In the first chapter, Enfield and Utterson pause on their walk to examine the door to Hyde’s house, and the narrative offers up some stark visual imagery:
[...] a certain sinister block of building thrust forward its gable on the street. It [...] bore in every feature the marks of prolonged and sordid negligence. [...] Tramps slouched into the recess and struck matches on the panels; children kept shop upon the steps; the schoolboy had tried his knife on the moldings; and for close on a generation, no one had appeared to drive away these random visitors or to repair their ravages.

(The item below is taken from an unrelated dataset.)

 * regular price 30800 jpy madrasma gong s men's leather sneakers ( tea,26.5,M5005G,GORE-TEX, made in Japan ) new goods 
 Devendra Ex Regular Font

In his description of Hyde’s building, Stevenson goes to great lengths to depict a rundown, dilapidated house surrounded by figures of poverty and iniquity. The pointed lack of care for the house over time, despite its apparent occupation, stands out in particular. “For close on a generation,” its tenants or owners have allowed it to go unrepaired and have permitted interlopers and criminals to linger and deface the building.
The immediate effect of this imagery is a sense of dread and illicit danger. Hyde’s house is the visual manifestation of all that Victorian England would like to cordon off and hide (poverty, moral decay, and urban chaos).

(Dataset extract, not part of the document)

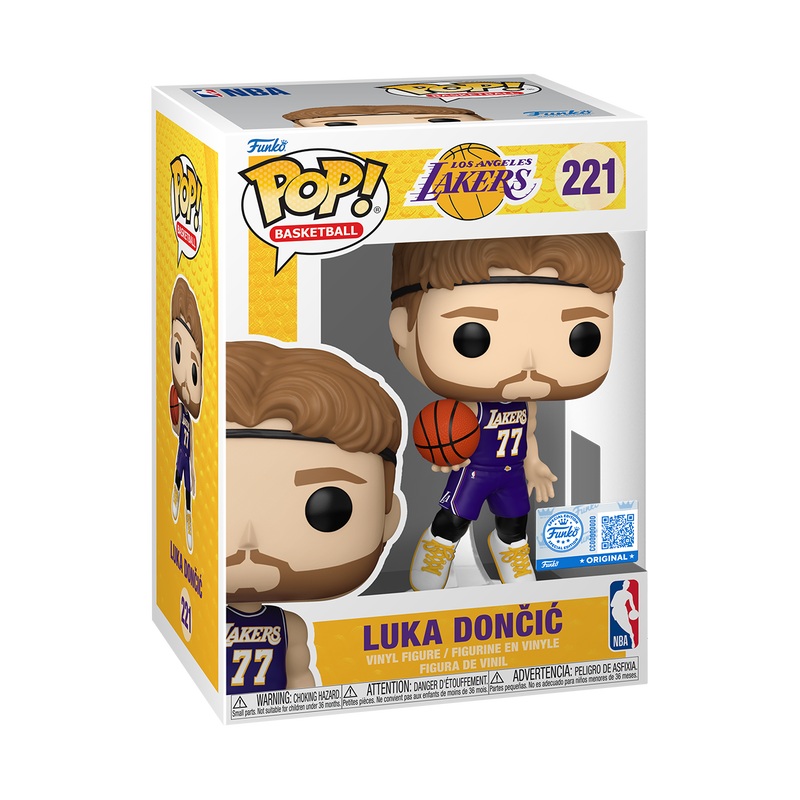 📦訂購 美國代購 Funko POP! NBA Luka Dončić (2025 Statement Edition Uniform) Figure 洛杉磯湖人 模型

En route to Mr. Hyde’s secret house in Soho, a neighborhood known at this time for its criminality, Mr. Utterson observes an early morning fog settling over the district early on in Chapter 4, describing this mist with vivid imagery:
A great chocolate covered pall lowered over heaven [...] as the cab crawled from street to street, Mr. Utterson beheld a marvelous number of degrees and hues of twilight; for here it would be dark like the back end of evening; there it would be the glow of a rich, lurid brown [...]. The dismal quarter of Soho [...] seemed, in the lawyer’s eyes, like a district of some city in a nightmare.

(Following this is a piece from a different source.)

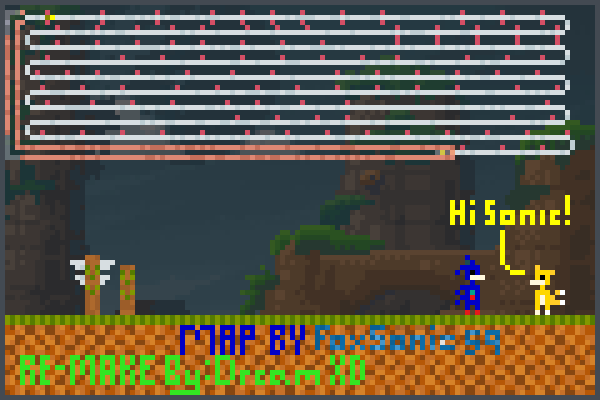 Play as sonic Pixel Art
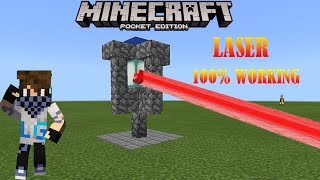 Minecraft PE. Tutorial 29: Cara membuat LASER (100% WORKING) #33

Here, Stevenson meaningfully evokes an atmosphere of gloom, fear, and confusion as Utterson moves closer and closer to Hyde. Stevenson’s depiction of this morning in London is dreamlike, frightening, and classically Gothic. The fog plunges the city into darkness, even early in the day, making otherwise recognizable neighborhoods impossible to identify. That this mist’s appearance coincides with Utterson’s trip to Hyde’s house lends a sense of tension to the narrative. In order to enter Hyde’s home, Utterson must make the descent with the police officer into deeper and deeper physical and spiritual darkness, blind to what could be playing out around them.
The rich visual imagery in this paragraph also references the symbolic role of fog or mist in the text as the marker of hidden or forbidden knowledge. This thick fog mirrors the mist of Utterson’s dream earlier in the text, in which he traverses a labyrinth before meeting with Hyde himself. It also recalls the fog that falls after Carew’s murder, as Hyde takes refuge once again in Jekyll. The fog’s presence denotes this neighborhood as a center or hub of secret and illicit activity.